Вскоре мимо прошли двое парней чуть постарше меня, в трусах, с загорелыми дочерна ногами. Я взглянул на них, чтоб узнать, смотрят ли они на меня. Мне хотелось задать им уйму вопросов — уж они-то, наверно, знали все насчет моря. Но я боялся показаться дураком. Отец всегда говорил, что самое лучшее слово — это то, которое ты не произнес. И этого я никогда не забывал.

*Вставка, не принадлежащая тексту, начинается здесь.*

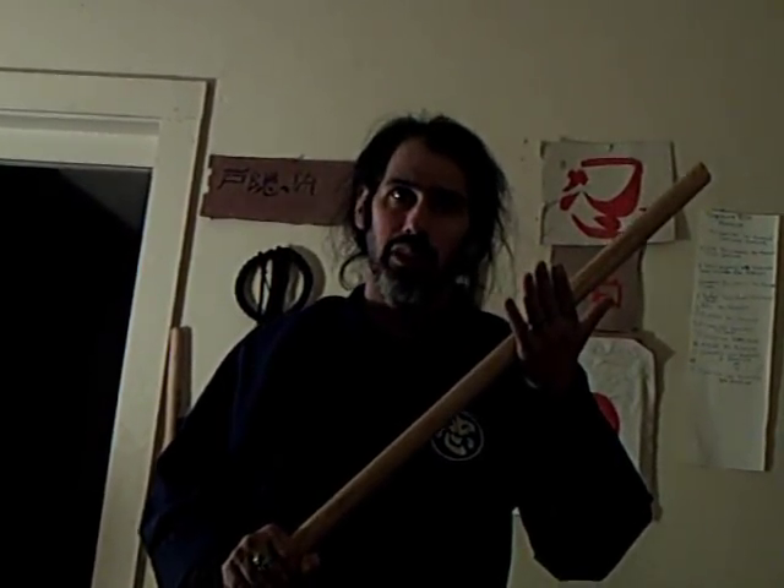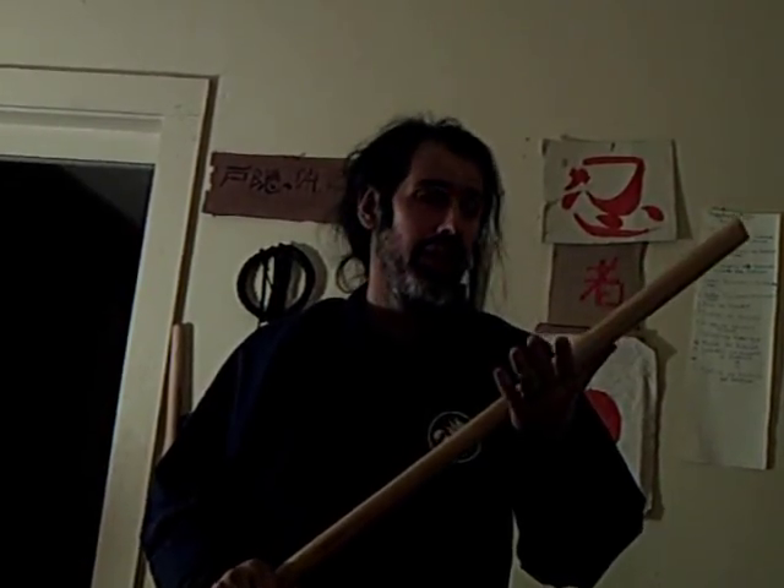Hello YouTube. Tonight is going to be choke takedowns, but I'm only going to do one because it's so dangerous — very dangerous. We're still working on handbow, and this is done with a handbow: the choke takedowns with a handbow.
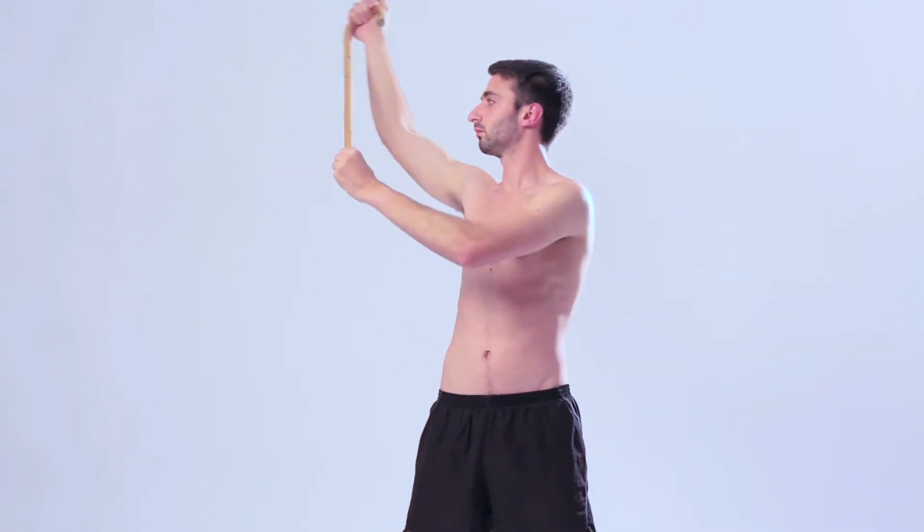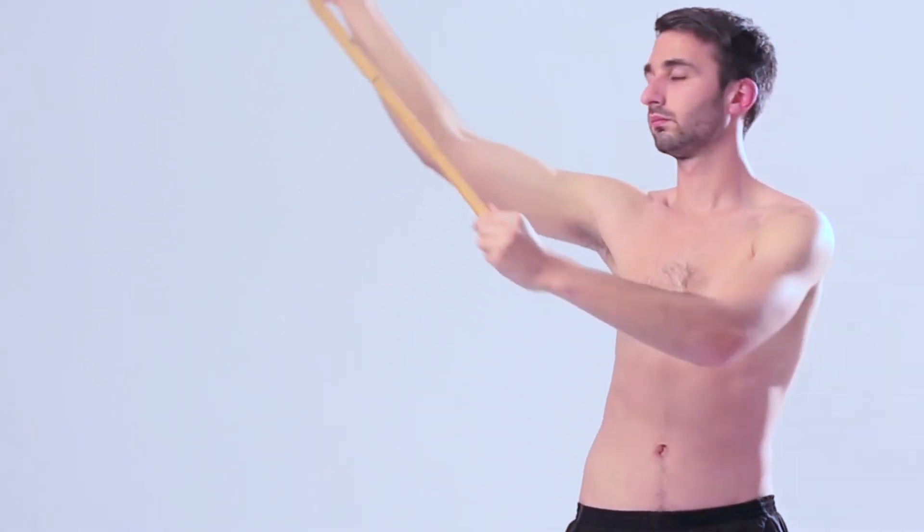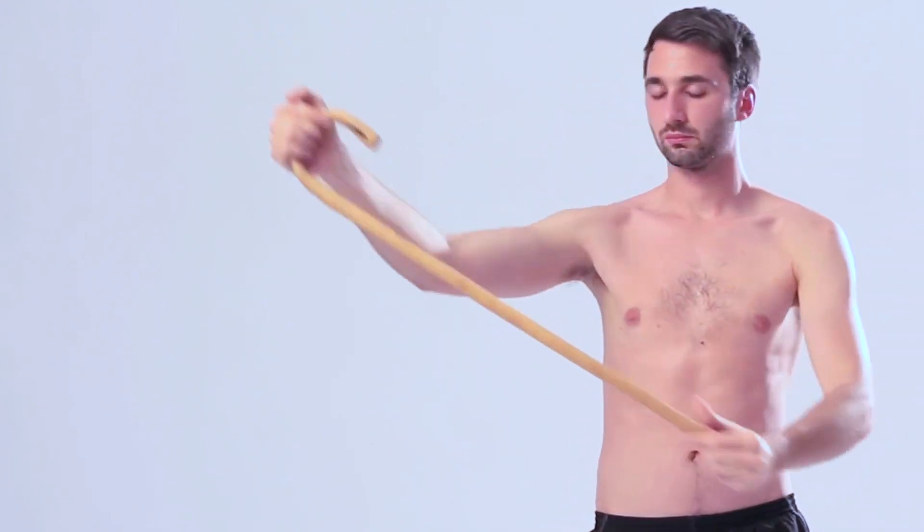With your unaffected hand, push the stick, moving the affected arm away from the body, out to the side. Use the stick to apply gentle pressure at the end of the movement. Return to starting position.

Когда дядюшка вернулся, я бросился бегом ему навстречу и широко, как Иисус Христос, развел руками, желая сказать: с ума сойти! А он радовался и смеялся с таким довольным видом, словно море он изготовил собственными руками, и все спрашивал, что я «обо всем этом» думаю. Самым странным мне казалось, что вода, вместо того чтобы бежать вдоль берега, как я до того всегда видел, бежит навстречу берегу, прямо на пляж, все поднимается, поднимается, но так на него и не выплескивается. Когда я это сказал, дядюшка стал хохотать еще пуще.
— Ох, пустая твоя башка!
На обратном пути дорога почти все время шла вверх. Так как уже смеркалось и я до смерти устал, дзу Вартулу думал, что я сразу же усну. А я все никак не мог успокоиться и продолжал свои расспросы о море, о рыбах, о бурях. И поскольку даже и сам он знал далеко не все, дядюшка вдруг рассердился и снова стукнул меня кнутовищем:
— Да спи же ты!
Из пятерых детей я был самым младшим. Отец батрачил, нанимаясь понедельно, но у нас было два тумоло своей пахотной земли. Тогда все участки были одинаковы: пшеница да миндальные деревья. И там, где господь бог послал хоть немножко воды, — маленький огородик. В поле дома у нас не было — лишь шалаш из тростника, и, когда приходило время пахать, сеять и жать, я, отец и двое братьев спали в этой хижине. Жили по-мужски, без женщин, которые бы нам стирали и готовили обед. В полдень и вечером — хлеб с оливками и луком, а после трапезы — глоток вина, также и для меня.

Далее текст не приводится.